Dr. Henzinger has been invited to keynote ISC2002 on Thursday, June 20, 2002,
and she will deliver a presentation about the topic "Indexing the Web -- A
Challenge for Supercomputing".
This interview for HPCwire was conducted by Christoph Poeppe, editor of the
magazine "Spektrum der Wissenschaft", which is the German version of
"Scientific American".
HPCwire: How big is Google today?
HENZINGER: We have 3 billions of pages in our repository. Among those there
are 700 million newsgroup-articles dating back to the far past, which we
bought from Deja-News, 300 million images, and over 2 billion Webpages.
HPCwire: And you have stored all of them in your database?
HENZINGER: Yes, in compressed form.
HPCwire: Is this the whole Web?
HENZINGER: No, not at all! Actually the Web is infinite. There exist databases
which can create a large number of Webpages on demand. Of course, it is
useless to have all of them in the search engine. We restrict ourselves to
pages of high quality.
HPCwire: What is the quality measure?
HENZINGER: The PageRank. This is a kind of grade we attribute to each page,
independent of queries this page could be relevant for. In fact, the quality
of a page increases with the number of other pages pointing to it and the
quality of these other pages. Moreover, the PageRank essentially determines
the order in which Google presents search results to the user.
HPCwire: Is it possible to manipulate the calculation of the PageRanks, for
example by putting something like quotation-cartels into the net?
HENZINGER: Spammers at least try it again and again. For instance, there are a
lot of queries for "Britney Spears". Therefore many people try to increase
their PageRank for being on one of the top places among the answers for
"Britney Spears", even if they only sell sneakers.
HPCwire: What are you doing about it?
HENZINGER: If we see an obvious abuse we take the corresponding page out. This
is in the interest of our users for whom we want to preserve the quality.

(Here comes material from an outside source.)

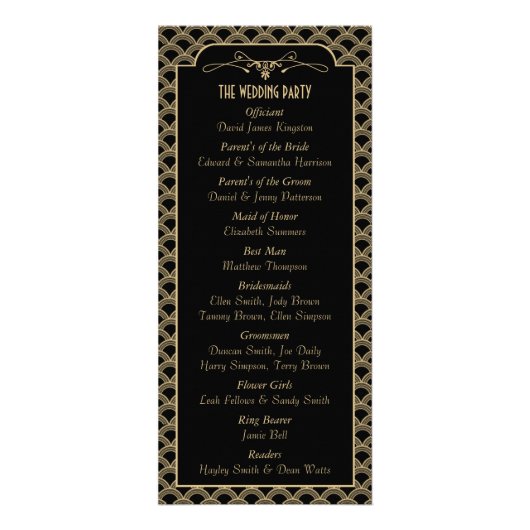  1920's Art Deco Gatsby Wedding Program Reclamekaart (Achterkant)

HPCwire: Do you also take other steps apart from these individual corrections?
HENZINGER: Yes, but we do not discuss them in public, since we do not want to
get into an arms race with the Spammers.
HPCwire: Since when does Google exist?
HENZINGER: The company was founded three years ago. More than two years ago we
went public. The news about us has spread from mouth to mouth. In the meantime
half of the queries come from outside the USA, 12 percent just from German
speaking countries. We answer over 150 million queries a day, either directly
or via our partners. If, for instance, the search engine Yahoo does not find a
keyword in its own index, it passes the query on to us and returns our answer
to the user.
HPCwire: Which hardware runs your system?

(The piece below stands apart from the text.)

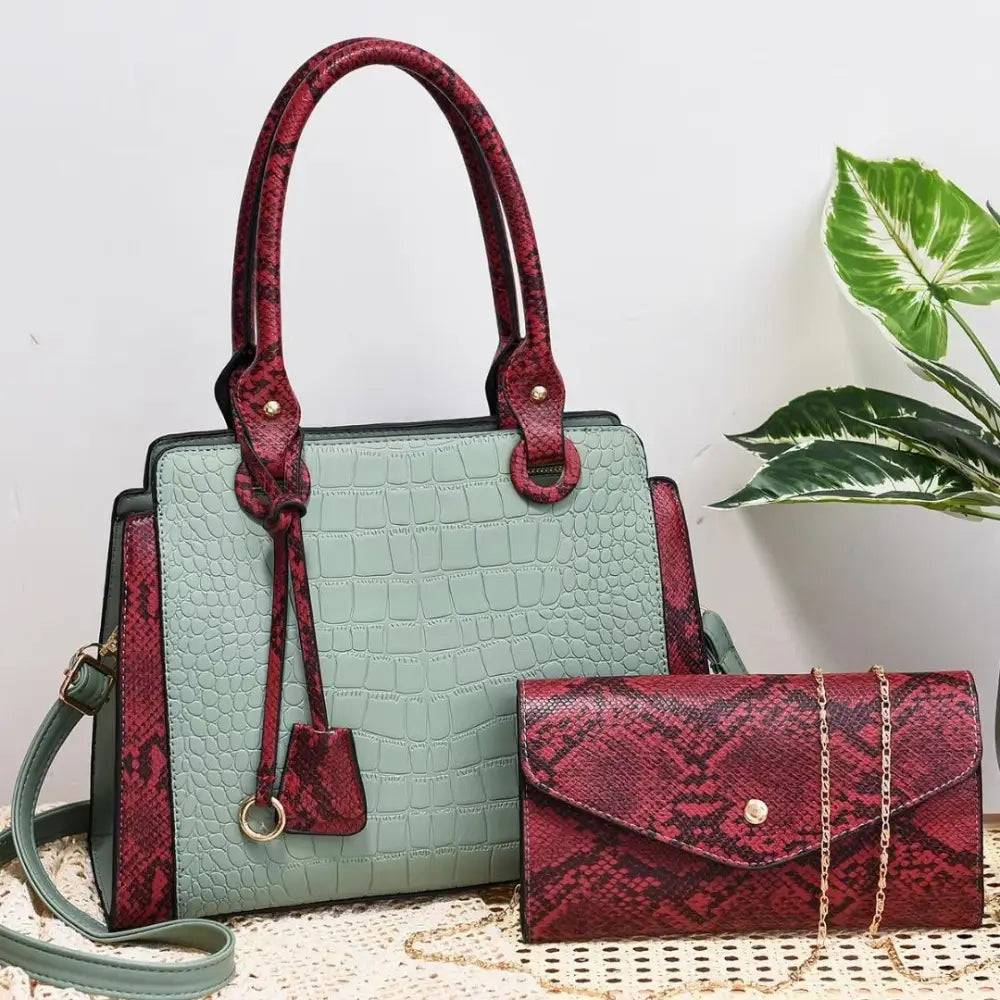 Medium PU Square Suitcase Bag with Slit Pocket and Zipper Compartment - Green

HENZINGER: We have more than 10000 PCs, distributed over four data centers.
Our operating system is Linux.
HPCwire: How often do you look if the Webpages you list do still exist?
HENZINGER: We update our database every 28 days. Moreover, there exist some
very busy webpages which we visit daily. Every 28 days we recreate the index
which, for every word, lists all the Webpages containing this word. If you
enter two words into the search field you are presented the intersection of
both lists, sorted by PageRank and a few other criteria. In particular, it can
happen that you get the homepage of a company which does not even contain the
name of the company in readable form, but maybe only as part of n image. But
from the many Webpages which point to this homepage and quote the name of the
company we know that this has to be the homepage, and present it that way.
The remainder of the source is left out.